During this Addition and Subtraction Unit, I truly wanted to focus on Math Practice 2: Reason abstractly and quantitatively. I knew that if students learned multiple strategies of adding and subtracting numbers, I wouldn’t only be providing them with multiple pathways to learning, but I would also be encouraging students to engage in “quantitative reasoning” by “making sense of quantities and their relationships in problem situations.” By teaching students how to use a variety of strategies, such as using number lines, bar diagrams, decomposing, compensating, transformation, and subtracting from nines, I hoped students would begin to see numbers as units and quantities that can be computed with flexibility.

**Number Line Rationale**

Even though the 4th grade standards don't specifically address the use of a number line, the number line model allows students to see the addition and subtraction processes. In addition, working with a number line with whole numbers is a foundational skill that will help with identifying fractions on number lines later on.

**Vocabulary**

I began this lesson by reviewing key vocabulary from past lessons. We reviewed the meanings of Open Number Line, Point, Starting Point & Ending Point, Landmark Numbers, and Nearest 10. By teaching math vocabulary, students will have the tools to truly practice MP 3 (Constructing Viable Arguments).

**Presentation & Goal**

In order to continue teaching students how to take jumps left and right on an open number to model the addition and subtraction process, I created a Google Presentation using Google Drive Documents called Skating on a Number Line prior to the lesson. Here are specific directions explaining How to Create a Google Presentation for Student Practice. Next, I was able to share this presentation with students using their student Google email accounts.
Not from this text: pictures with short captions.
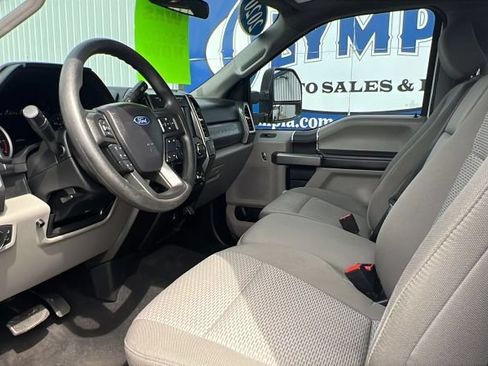 Used 2020 Ford F350 XLT w/ XLT Value Package AWD/4WD image 14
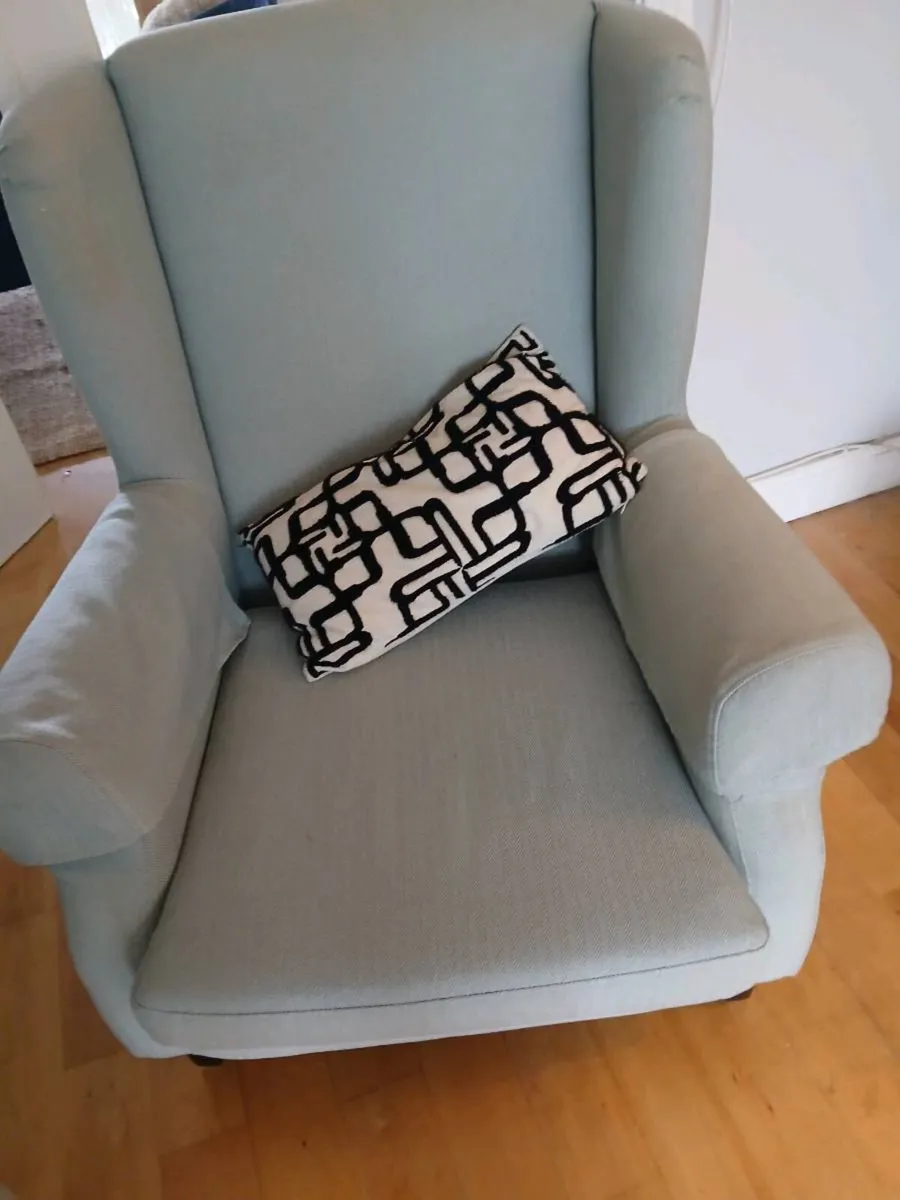 Pair of armchairs - Image 3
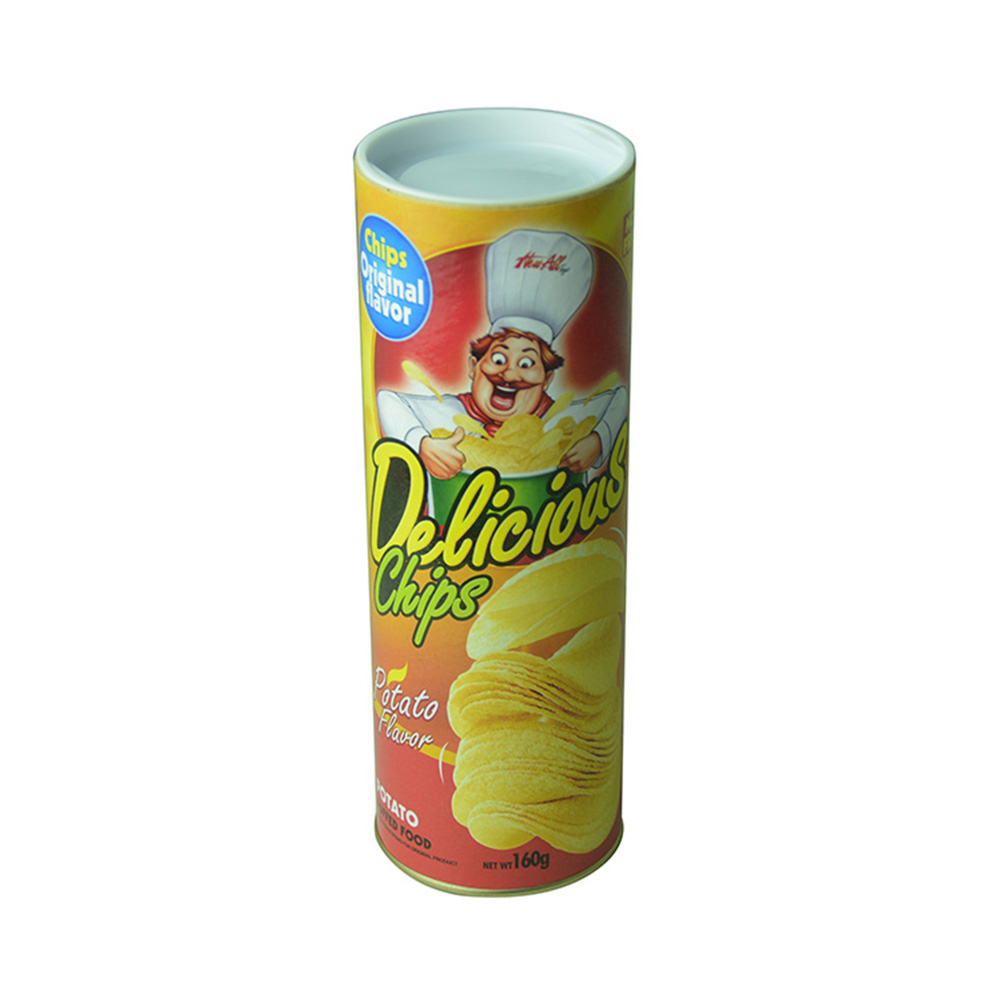 

Potato Chips Cans Fake Snake April Fool Day Funny Novelty Prank Trick Toys, 501 Original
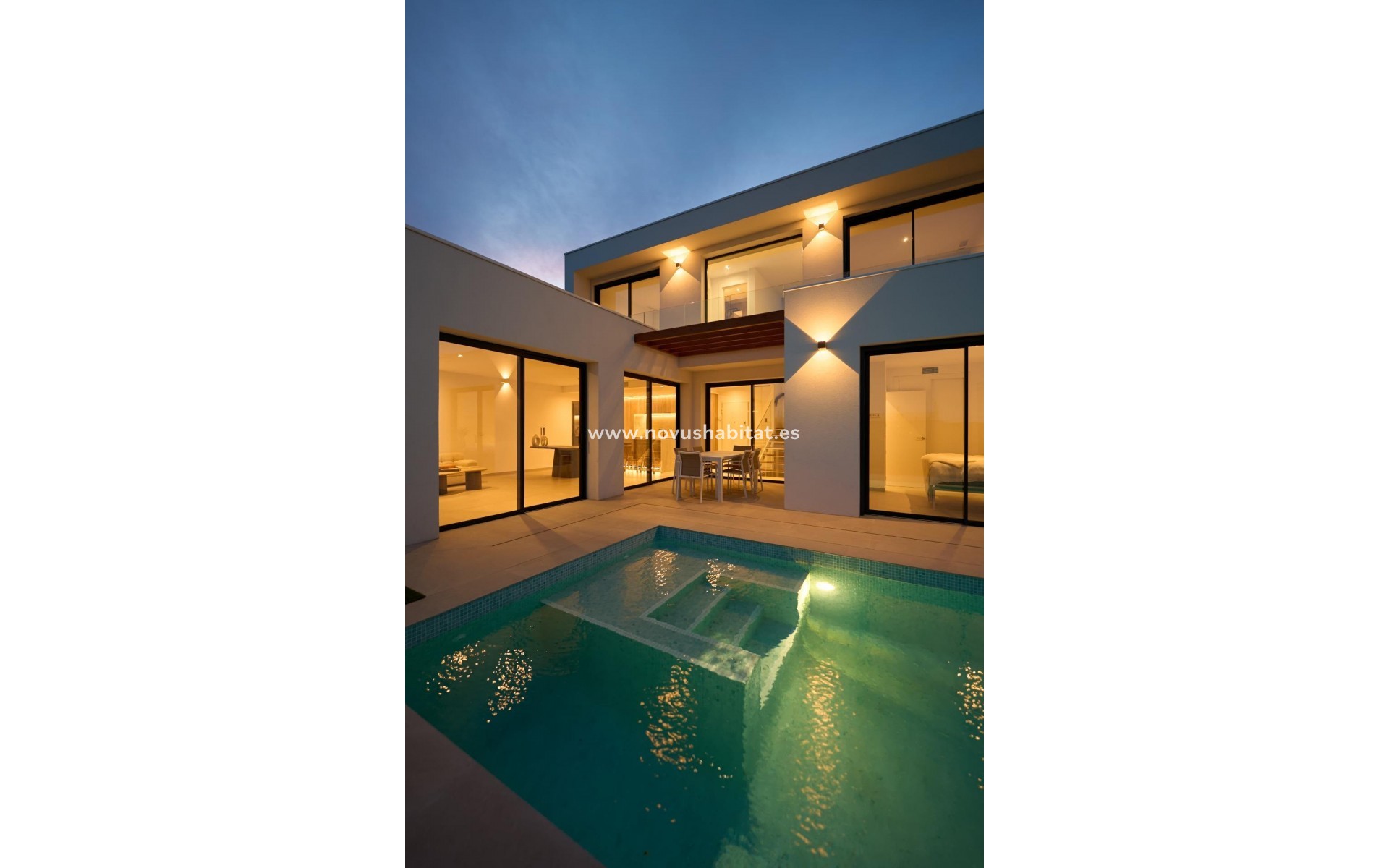 Nýbygging - Villa - Alfaz del Pí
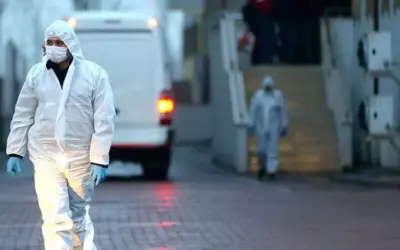 Sağlık Bakanı Fahrettin Koca 6 yıl önce bugün Türkiye’de ilk koronavirüs vakasını açıkladı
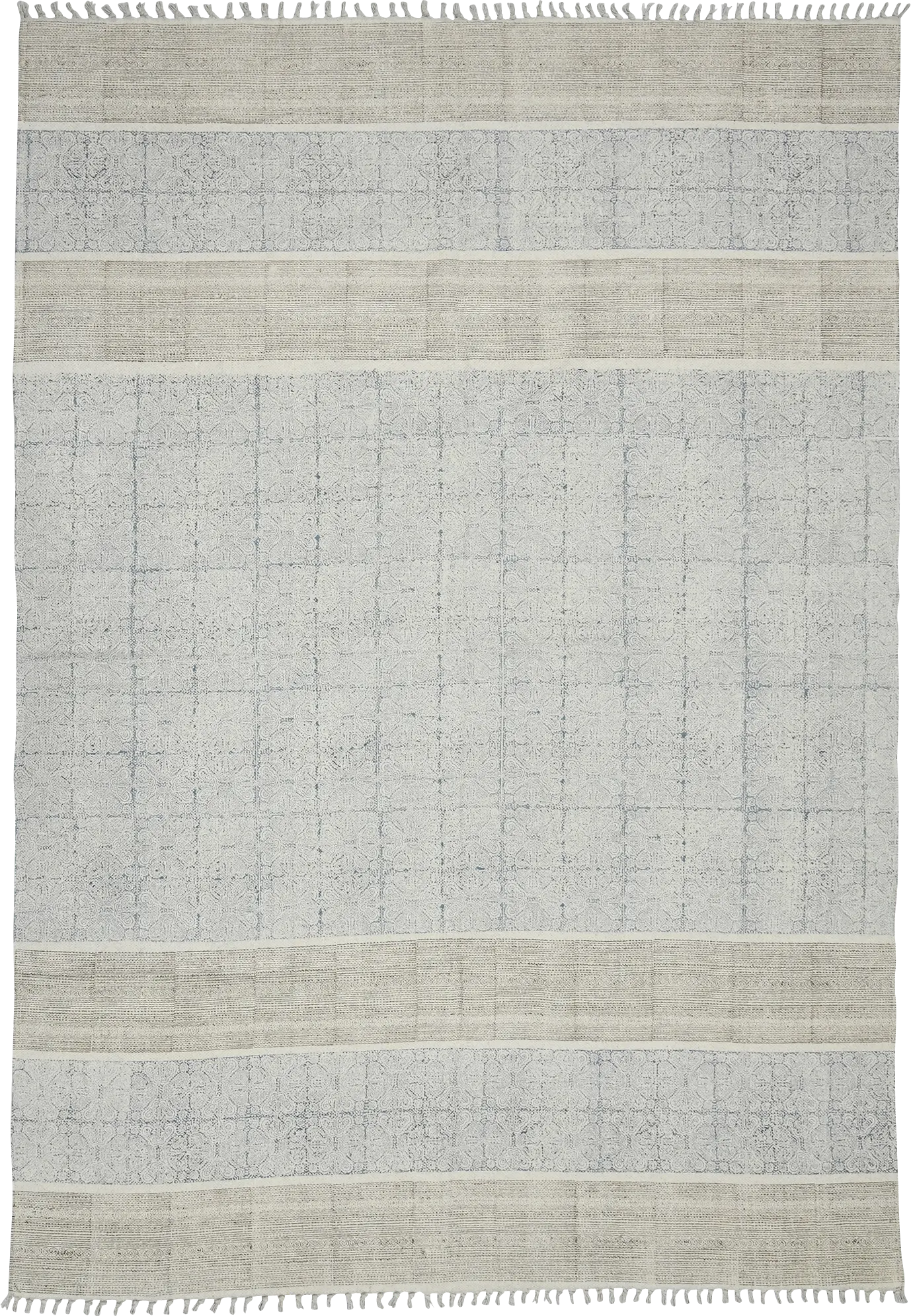 Ciane Blue 5' x 7'6 Rug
Students then copied the shared presentation and saved it in their math folders under the Google Drive. Once all students were successful at copying the presentation and making it their own, we discussed the first slide together, which was the Goal of the lesson: *I can add and subtract multi-digit numbers using a number line model.*

**Group Practice**

We then moved on to the first problem in the Group Practice section: Adding on an Open Number Line. I explained: *Let's say that our school had a roller skating contest. The girls skated a total of 10 miles. The boys skated a total of 8 miles. How many miles did they skate altogether? *I modeled how to begin with the starting point of 10 miles and add on 8 miles by taking jumps to the right. Students completed their number lines on this slide in their presentation right along side of me. I recreated this video at home without sound to demonstrate How to Add on the Number Line.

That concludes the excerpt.